§ **What you are asked to do**:
Print exactly the lines below between the line containing "Casa de las" and the line containing "Ford Transit (2014) thumbnail 10", counting both of those lines. Leave pictures out.
━━━━━ Data extracts ━━━━━
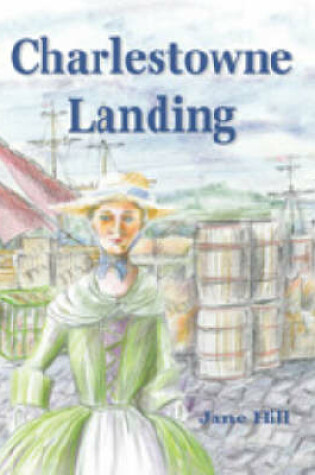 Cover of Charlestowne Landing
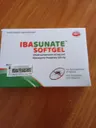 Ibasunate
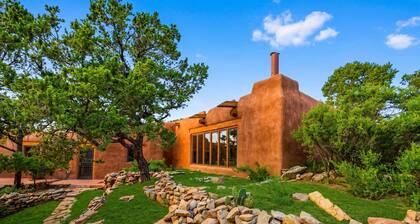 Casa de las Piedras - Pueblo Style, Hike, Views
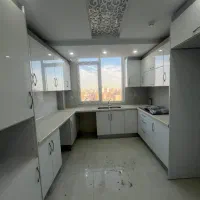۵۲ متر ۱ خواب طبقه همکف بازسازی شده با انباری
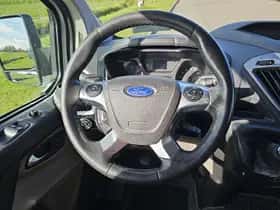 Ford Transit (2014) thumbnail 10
━━━━━
━━━━━ Data extracts ━━━━━
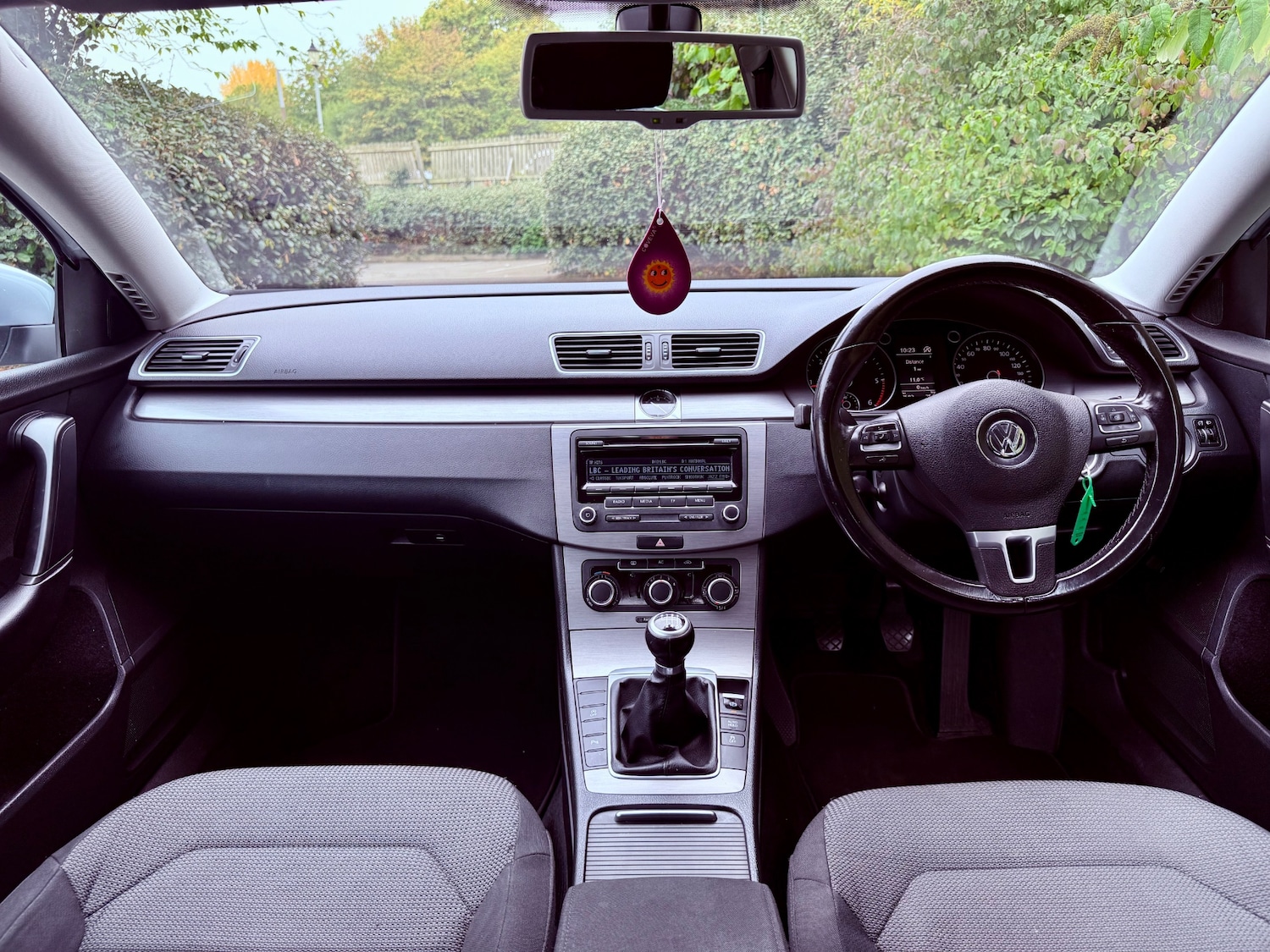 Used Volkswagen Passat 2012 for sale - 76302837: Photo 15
━━━━━
§ **Exercise result**:
 Casa de las Piedras - Pueblo Style, Hike, Views
۵۲ متر ۱ خواب طبقه همکف بازسازی شده با انباری
 Ford Transit (2014) thumbnail 10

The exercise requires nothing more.